Iowa Post-mortem: The Good, the Bad, and the Gone

While the parties did not have much choice about including Iowa and New Hampshire in the window of early states, the theory behind the early states is that all four are small enough and different enough to help narrow the field.   While winning is nice, the real goals of the campaigns are:  1) to seem viable enough that supporters (both voters and donors) don’t go looking elsewhere; and 2) to meet targets for delegates.  Candidates who are unable to show signs of life quickly find that their campaigns have no life.

On the Republican side, it is easy to identify the big winner from Iowa, and it’s not Ted Cruz.  For the third time in a row, a Republican candidate has used a strong showing among evangelicals to come from behind to win the Iowa Caucus.  The pollsters have to try to figure out why their models keep on missing this pattern.  However, while winning Iowa is enough to push a candidate forward, the Iowa winners have not been able to turn that success into a winning national campaign.    Senator Cruz’s win is certainly better than finishing second and will keep him alive through March 1, but he needs to do well in early March to have a shot at winning.
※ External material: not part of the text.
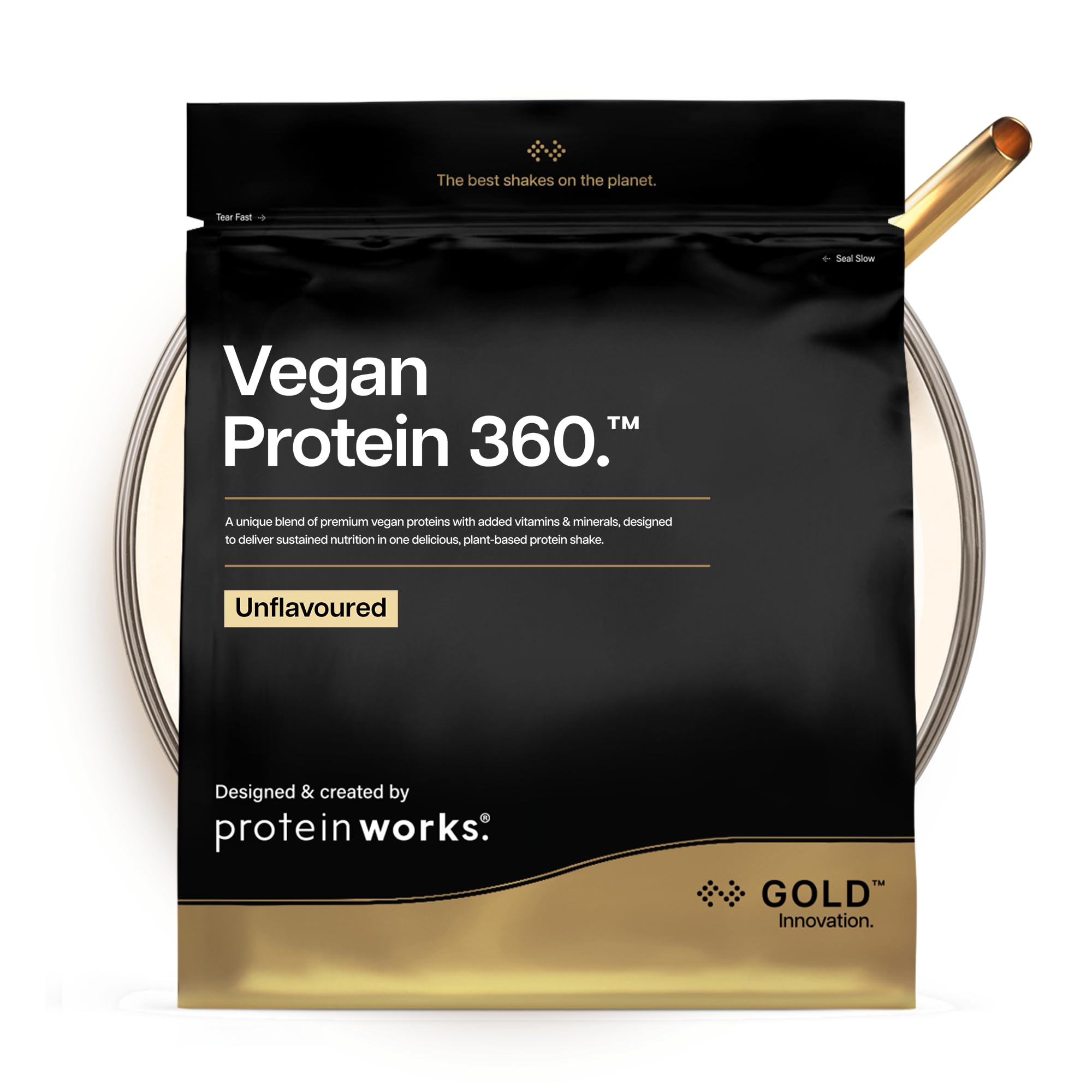 Protein Works | Vegan Protein 360 - Gold Innovation, Unflavoured, 16 Servings, 100% Plant Based & Natural, Premium Multi-Protein Blend, Low Fat Shake, Low Calorie Shake, 500g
Instead, the big win goes to Marco Rubio.  He almost managed to win the state, and his third-placed finish should only place him one delegate behind Senator Cruz in the delegate count when the results become final and official in several weeks.  More significantly, Senator Rubio finished well ahead of the other contenders for the role of “establishment candidate.”  The last time the “establishment candidate” lost was either 1980 or 1964.  If the field after Nevada is Senator Cruz, Senator Rubio, and Donald Trump, Senator Rubio should be the Republican nominee.

If Senator Rubio is the big winner, that means that the big losers are the Governors — Jeb Bush, Chris Christie, and John Kasich — all of whom are splitting the “establishment” vote with Senator Rubio in New Hampshire.  If Senator Rubio’s finish in Iowa gives him a bump in New Hampshire, that bump will probably come at the expense of Governor Bush, Governor Christie, and Governor Kasich.  The latest polls show these three candidates essentially tied with Senator Cruz and Senator Rubio.  If Senator Rubio can pull a 20+% finish in New Hampshire, the three Governors will be gone by March 1.  (The campaigns know this too which is why the past two days have seen these three campaigns attack Senator Rubio rather than Senator Cruz or Donald Trump.)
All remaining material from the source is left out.